EXERCISE:
The expected answer is the data below, printed verbatim without its pictures.

DATASET EXTRACT:
※ ※ ※

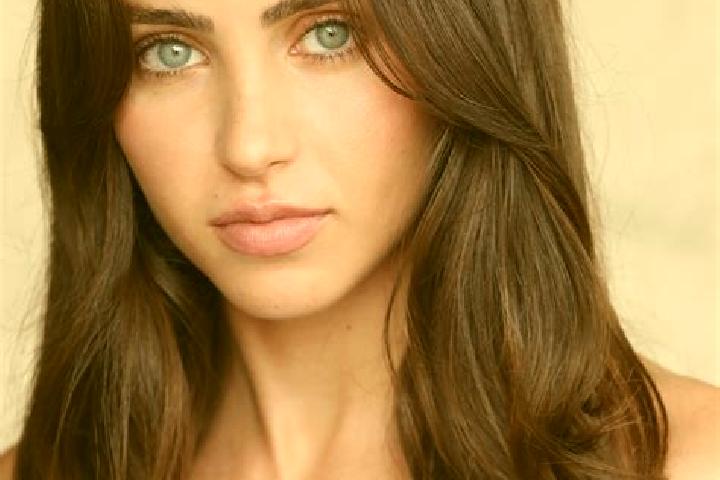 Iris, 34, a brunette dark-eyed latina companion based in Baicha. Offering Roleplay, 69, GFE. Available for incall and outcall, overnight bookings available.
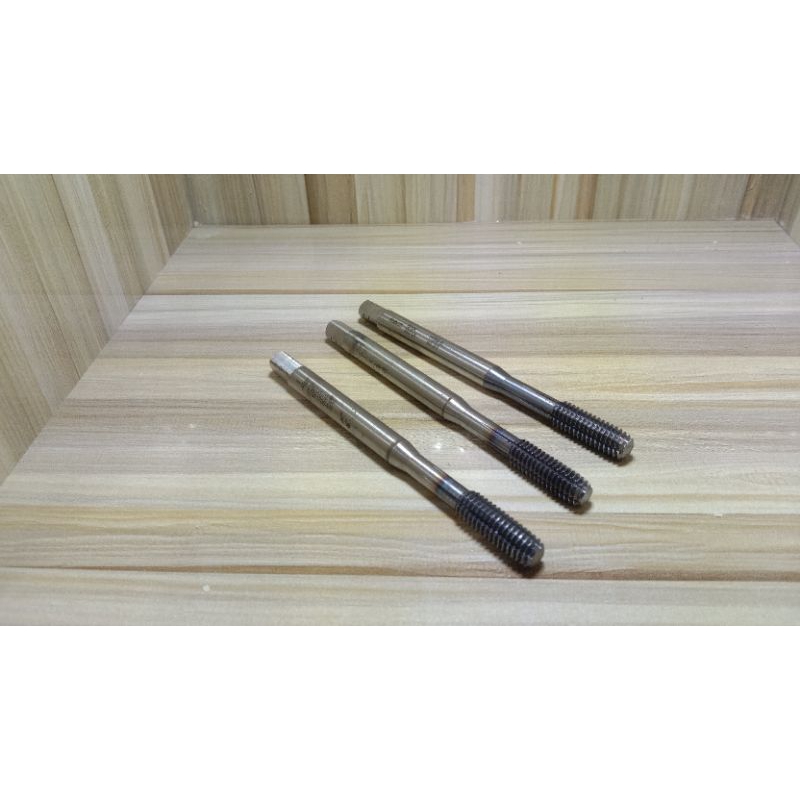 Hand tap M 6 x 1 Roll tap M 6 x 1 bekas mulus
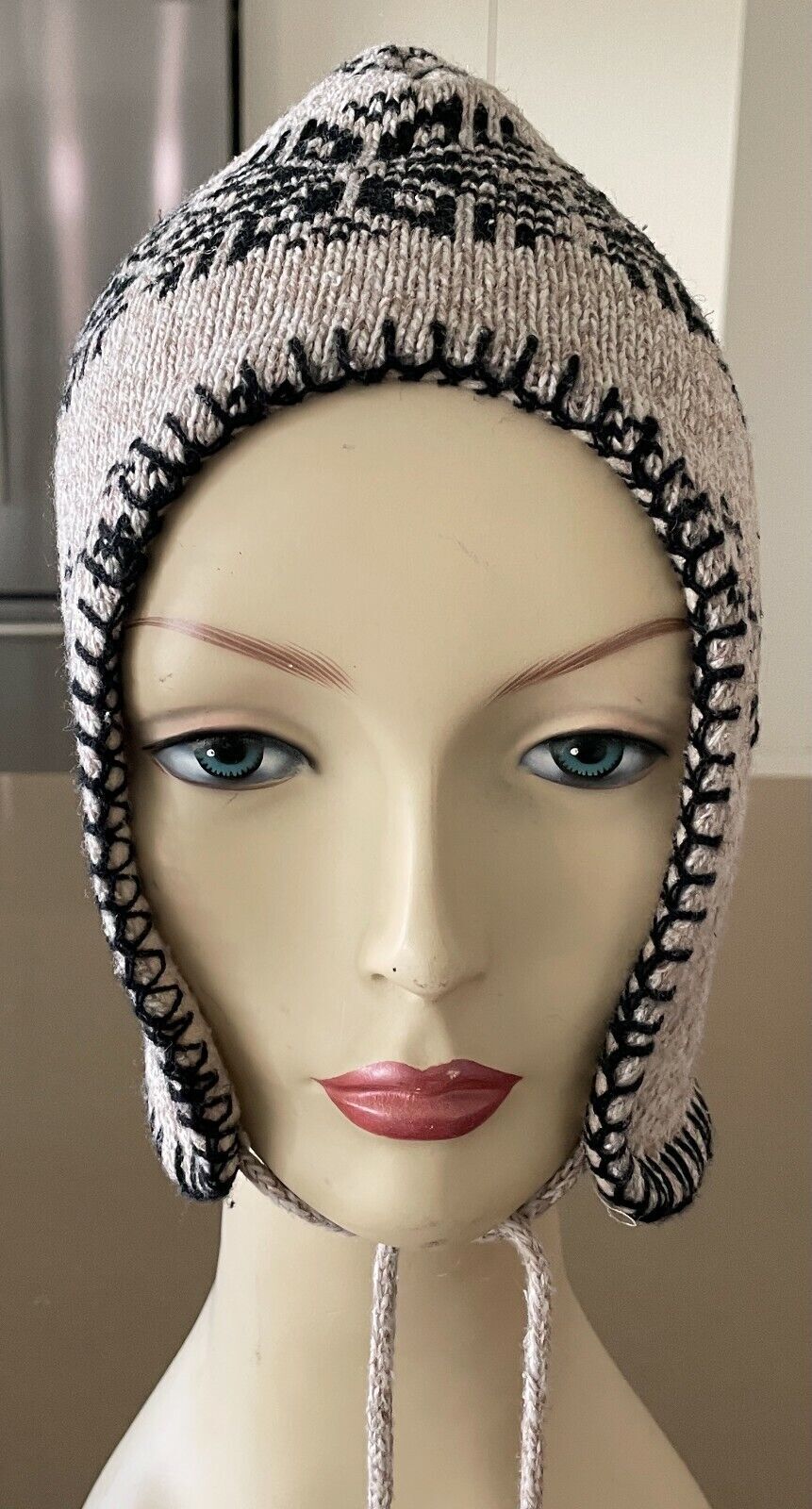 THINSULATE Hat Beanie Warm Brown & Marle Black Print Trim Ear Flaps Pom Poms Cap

※ ※ ※

RESULT OF THE EXERCISE:
 Iris, 34, a brunette dark-eyed latina companion based in Baicha. Offering Roleplay, 69, GFE. Available for incall and outcall, overnight bookings available.
 Hand tap M 6 x 1 Roll tap M 6 x 1 bekas mulus
 THINSULATE Hat Beanie Warm Brown & Marle Black Print Trim Ear Flaps Pom Poms Cap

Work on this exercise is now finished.